EXERCISE OBJECTIVE:
Among the lines below, output only those between the line holding "M&iacute;nimos incrementos en" and the line holding "These bars show", inclusive, exactly as written and with no pictures.

Data extracted from a collection:
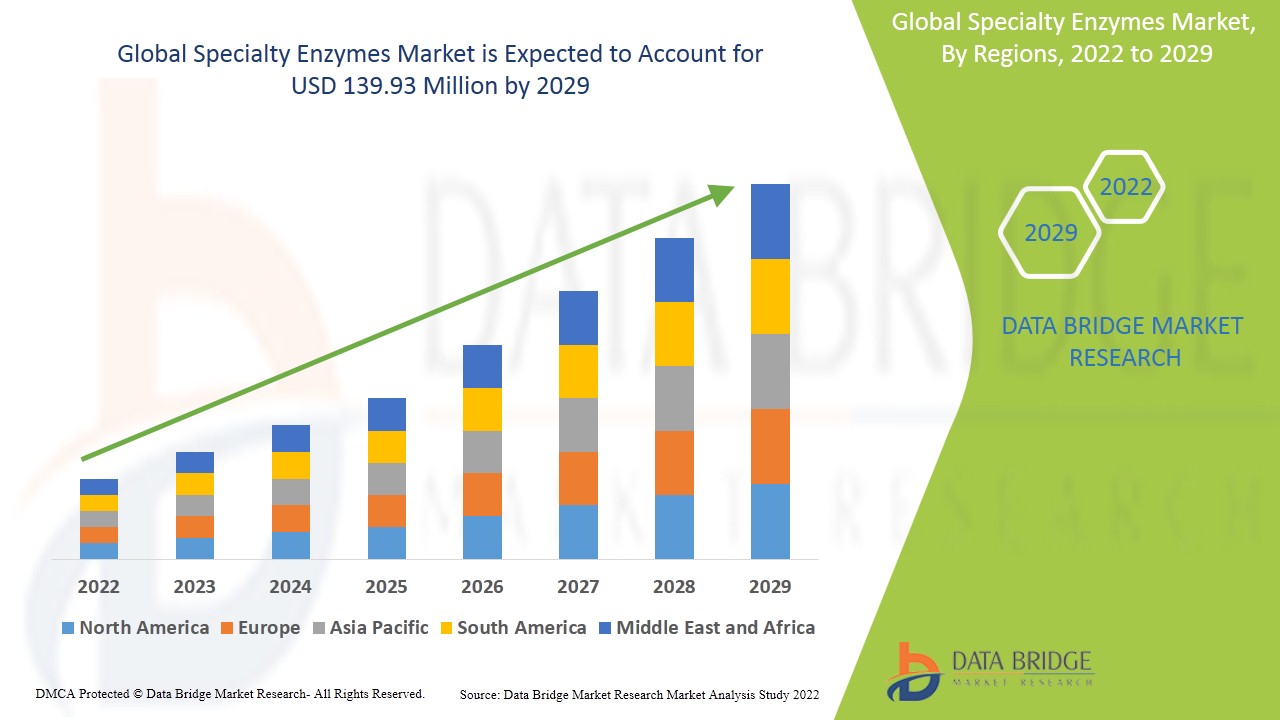 Specialty Enzymes Market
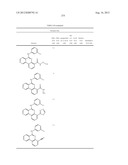 PROTEIN KINASE MODULATORS diagram and image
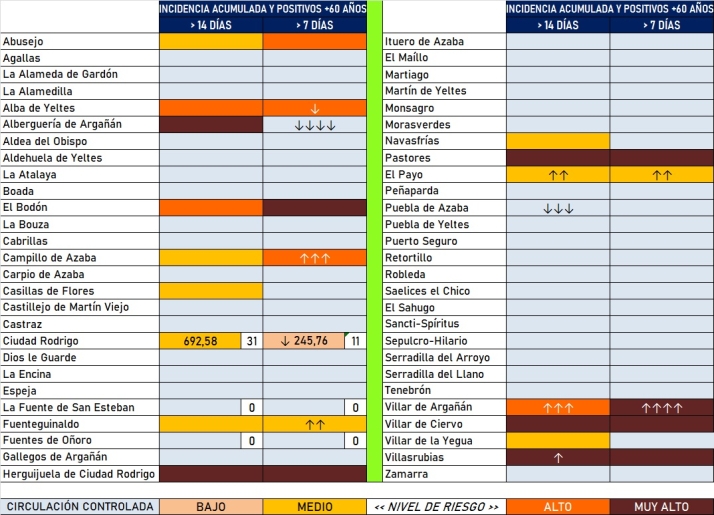 M&iacute;nimos incrementos en la nueva actualizaci&oacute;n de los datos de enfermos de coronavirus | Imagen 2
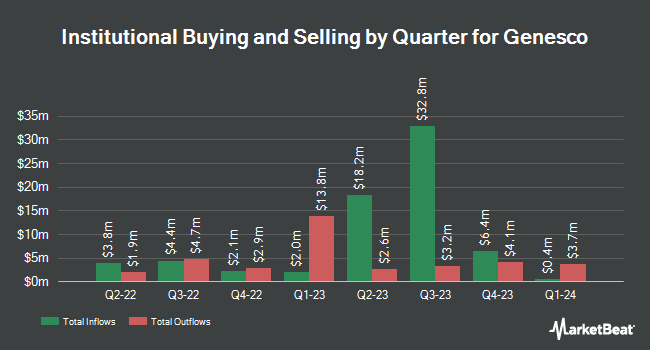 Institutional Ownership by Quarter for Genesco (NYSE:GCO)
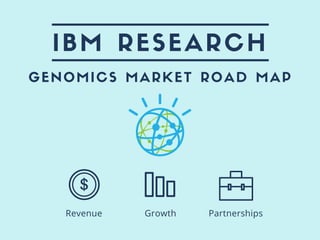 IBM RESEARCH
GENOMICS MARKET ROAD MAP
Growth PartnershipsRevenue
 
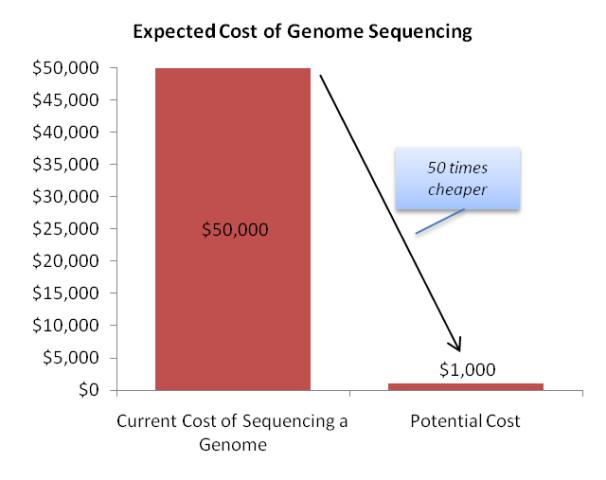 Slashing the Cost of Genome Sequencing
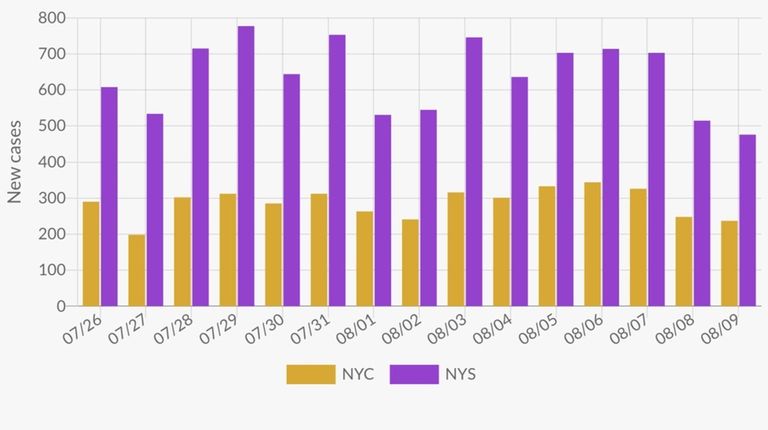 These bars show the number of new coronavirus cases confirmed...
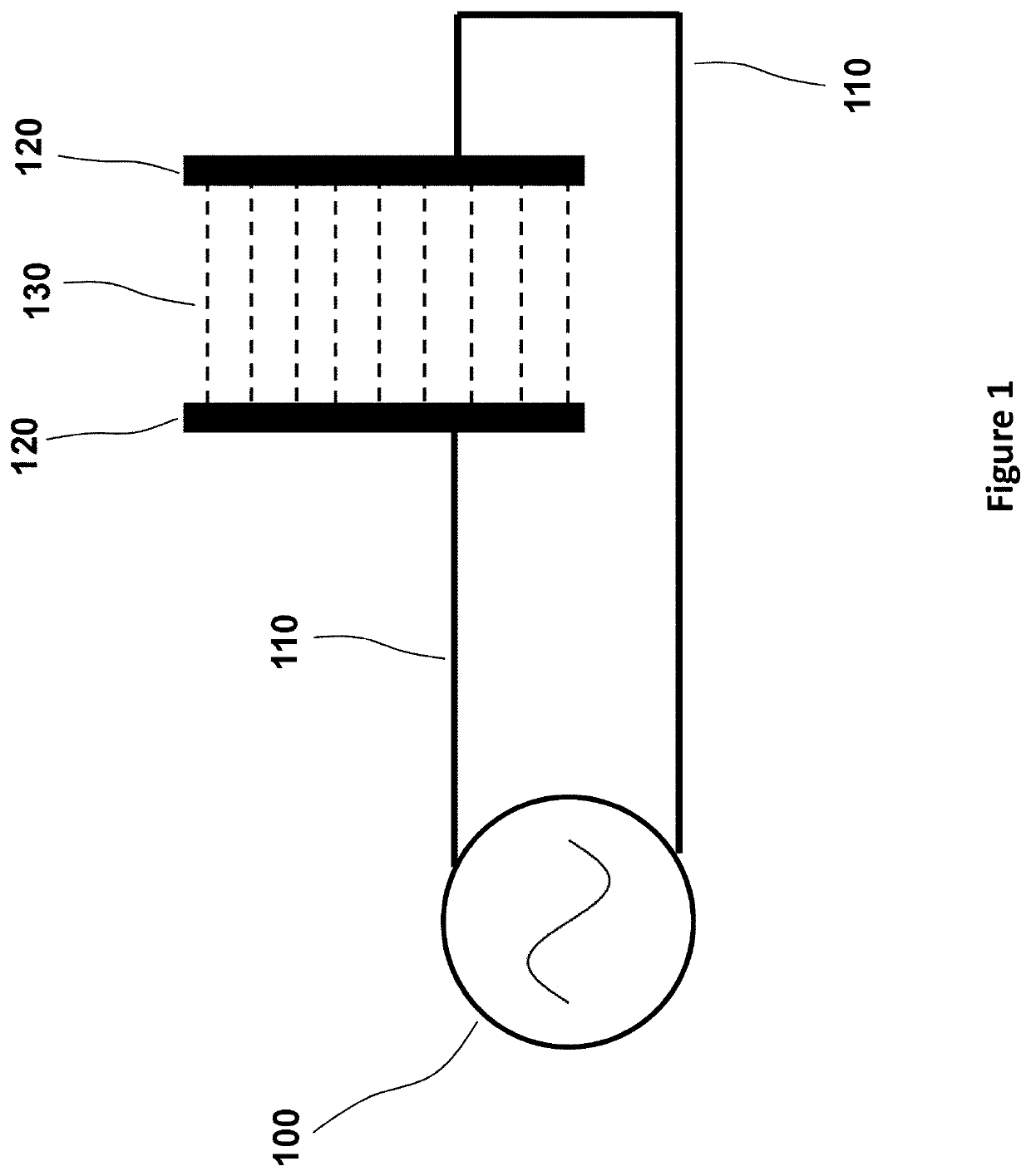 Method of polarization control of evanescent waves for treating tumors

FINISHED EXERCISE:
 M&iacute;nimos incrementos en la nueva actualizaci&oacute;n de los datos de enfermos de coronavirus | Imagen 2
 Institutional Ownership by Quarter for Genesco (NYSE:GCO)
 IBM RESEARCH
GENOMICS MARKET ROAD MAP
Growth PartnershipsRevenue
 
 Slashing the Cost of Genome Sequencing
 These bars show the number of new coronavirus cases confirmed...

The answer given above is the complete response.